▶ _What you are asked to do_
In the material below, find the line that contains "4689 Northridge Drive, Somis, CA 93066" and the line that contains "Take A Look Around cover", then write out exactly those two lines and everything between them.

▶ _Data provided_
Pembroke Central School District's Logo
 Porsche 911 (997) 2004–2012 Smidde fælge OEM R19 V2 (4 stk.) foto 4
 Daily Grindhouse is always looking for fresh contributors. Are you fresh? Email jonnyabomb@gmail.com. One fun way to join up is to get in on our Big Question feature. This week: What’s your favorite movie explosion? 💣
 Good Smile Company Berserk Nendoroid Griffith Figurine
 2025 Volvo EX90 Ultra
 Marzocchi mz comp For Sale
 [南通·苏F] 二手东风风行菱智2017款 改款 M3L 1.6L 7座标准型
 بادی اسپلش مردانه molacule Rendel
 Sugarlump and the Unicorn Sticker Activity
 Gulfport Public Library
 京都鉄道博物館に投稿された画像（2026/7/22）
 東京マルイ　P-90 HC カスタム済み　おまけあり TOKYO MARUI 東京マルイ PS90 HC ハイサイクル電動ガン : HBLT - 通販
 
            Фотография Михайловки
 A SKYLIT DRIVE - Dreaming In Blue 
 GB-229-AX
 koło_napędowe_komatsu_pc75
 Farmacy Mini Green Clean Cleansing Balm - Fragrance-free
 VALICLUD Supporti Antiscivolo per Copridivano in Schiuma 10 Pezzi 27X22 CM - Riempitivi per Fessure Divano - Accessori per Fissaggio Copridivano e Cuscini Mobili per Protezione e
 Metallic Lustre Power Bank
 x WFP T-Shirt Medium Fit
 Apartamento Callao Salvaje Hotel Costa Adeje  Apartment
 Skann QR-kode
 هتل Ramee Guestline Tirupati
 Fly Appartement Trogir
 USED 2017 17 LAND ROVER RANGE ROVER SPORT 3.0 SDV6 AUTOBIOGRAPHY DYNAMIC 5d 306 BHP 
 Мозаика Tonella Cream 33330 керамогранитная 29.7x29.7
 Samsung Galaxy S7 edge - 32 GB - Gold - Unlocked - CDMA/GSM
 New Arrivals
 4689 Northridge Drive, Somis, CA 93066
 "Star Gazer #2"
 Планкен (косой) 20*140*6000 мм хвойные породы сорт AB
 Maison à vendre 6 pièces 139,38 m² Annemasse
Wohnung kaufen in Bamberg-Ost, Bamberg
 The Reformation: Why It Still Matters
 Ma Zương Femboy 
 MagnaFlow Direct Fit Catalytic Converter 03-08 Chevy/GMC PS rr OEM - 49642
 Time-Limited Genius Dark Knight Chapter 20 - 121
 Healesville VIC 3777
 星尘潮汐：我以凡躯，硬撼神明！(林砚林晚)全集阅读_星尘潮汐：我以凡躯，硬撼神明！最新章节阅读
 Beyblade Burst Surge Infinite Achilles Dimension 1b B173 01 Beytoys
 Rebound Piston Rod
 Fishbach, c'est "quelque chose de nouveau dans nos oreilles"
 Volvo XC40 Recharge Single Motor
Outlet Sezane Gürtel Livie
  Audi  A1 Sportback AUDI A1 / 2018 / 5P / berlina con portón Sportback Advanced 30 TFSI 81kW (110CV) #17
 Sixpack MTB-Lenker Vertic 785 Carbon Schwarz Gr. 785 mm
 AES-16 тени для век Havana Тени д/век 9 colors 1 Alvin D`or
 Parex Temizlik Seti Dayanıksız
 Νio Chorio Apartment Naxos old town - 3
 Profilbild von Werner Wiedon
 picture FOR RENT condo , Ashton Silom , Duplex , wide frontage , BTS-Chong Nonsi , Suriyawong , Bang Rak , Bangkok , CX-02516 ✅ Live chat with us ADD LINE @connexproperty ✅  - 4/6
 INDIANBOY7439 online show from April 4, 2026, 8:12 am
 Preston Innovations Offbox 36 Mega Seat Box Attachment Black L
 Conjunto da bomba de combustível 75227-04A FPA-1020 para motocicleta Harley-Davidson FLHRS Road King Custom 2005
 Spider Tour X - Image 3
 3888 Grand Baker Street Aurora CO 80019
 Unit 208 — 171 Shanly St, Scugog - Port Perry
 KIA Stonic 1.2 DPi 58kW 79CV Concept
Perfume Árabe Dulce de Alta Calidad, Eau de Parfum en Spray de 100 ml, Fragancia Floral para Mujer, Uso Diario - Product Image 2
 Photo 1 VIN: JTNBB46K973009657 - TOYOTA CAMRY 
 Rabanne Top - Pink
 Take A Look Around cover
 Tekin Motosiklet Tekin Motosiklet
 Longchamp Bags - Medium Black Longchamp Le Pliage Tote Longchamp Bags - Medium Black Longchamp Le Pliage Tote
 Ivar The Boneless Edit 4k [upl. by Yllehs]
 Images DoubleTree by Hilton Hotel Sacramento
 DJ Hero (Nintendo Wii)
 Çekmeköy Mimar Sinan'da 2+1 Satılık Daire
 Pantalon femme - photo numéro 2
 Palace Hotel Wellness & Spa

▶ _Output of the exercise_
 4689 Northridge Drive, Somis, CA 93066
 "Star Gazer #2"
 Планкен (косой) 20*140*6000 мм хвойные породы сорт AB
 Maison à vendre 6 pièces 139,38 m² Annemasse
Wohnung kaufen in Bamberg-Ost, Bamberg
 The Reformation: Why It Still Matters
 Ma Zương Femboy 
 MagnaFlow Direct Fit Catalytic Converter 03-08 Chevy/GMC PS rr OEM - 49642
 Time-Limited Genius Dark Knight Chapter 20 - 121
 Healesville VIC 3777
 星尘潮汐：我以凡躯，硬撼神明！(林砚林晚)全集阅读_星尘潮汐：我以凡躯，硬撼神明！最新章节阅读
 Beyblade Burst Surge Infinite Achilles Dimension 1b B173 01 Beytoys
 Rebound Piston Rod
 Fishbach, c'est "quelque chose de nouveau dans nos oreilles"
 Volvo XC40 Recharge Single Motor
Outlet Sezane Gürtel Livie
  Audi  A1 Sportback AUDI A1 / 2018 / 5P / berlina con portón Sportback Advanced 30 TFSI 81kW (110CV) #17
 Sixpack MTB-Lenker Vertic 785 Carbon Schwarz Gr. 785 mm
 AES-16 тени для век Havana Тени д/век 9 colors 1 Alvin D`or
 Parex Temizlik Seti Dayanıksız
 Νio Chorio Apartment Naxos old town - 3
 Profilbild von Werner Wiedon
 picture FOR RENT condo , Ashton Silom , Duplex , wide frontage , BTS-Chong Nonsi , Suriyawong , Bang Rak , Bangkok , CX-02516 ✅ Live chat with us ADD LINE @connexproperty ✅  - 4/6
 INDIANBOY7439 online show from April 4, 2026, 8:12 am
 Preston Innovations Offbox 36 Mega Seat Box Attachment Black L
 Conjunto da bomba de combustível 75227-04A FPA-1020 para motocicleta Harley-Davidson FLHRS Road King Custom 2005
 Spider Tour X - Image 3
 3888 Grand Baker Street Aurora CO 80019
 Unit 208 — 171 Shanly St, Scugog - Port Perry
 KIA Stonic 1.2 DPi 58kW 79CV Concept
Perfume Árabe Dulce de Alta Calidad, Eau de Parfum en Spray de 100 ml, Fragancia Floral para Mujer, Uso Diario - Product Image 2
 Photo 1 VIN: JTNBB46K973009657 - TOYOTA CAMRY 
 Rabanne Top - Pink
 Take A Look Around cover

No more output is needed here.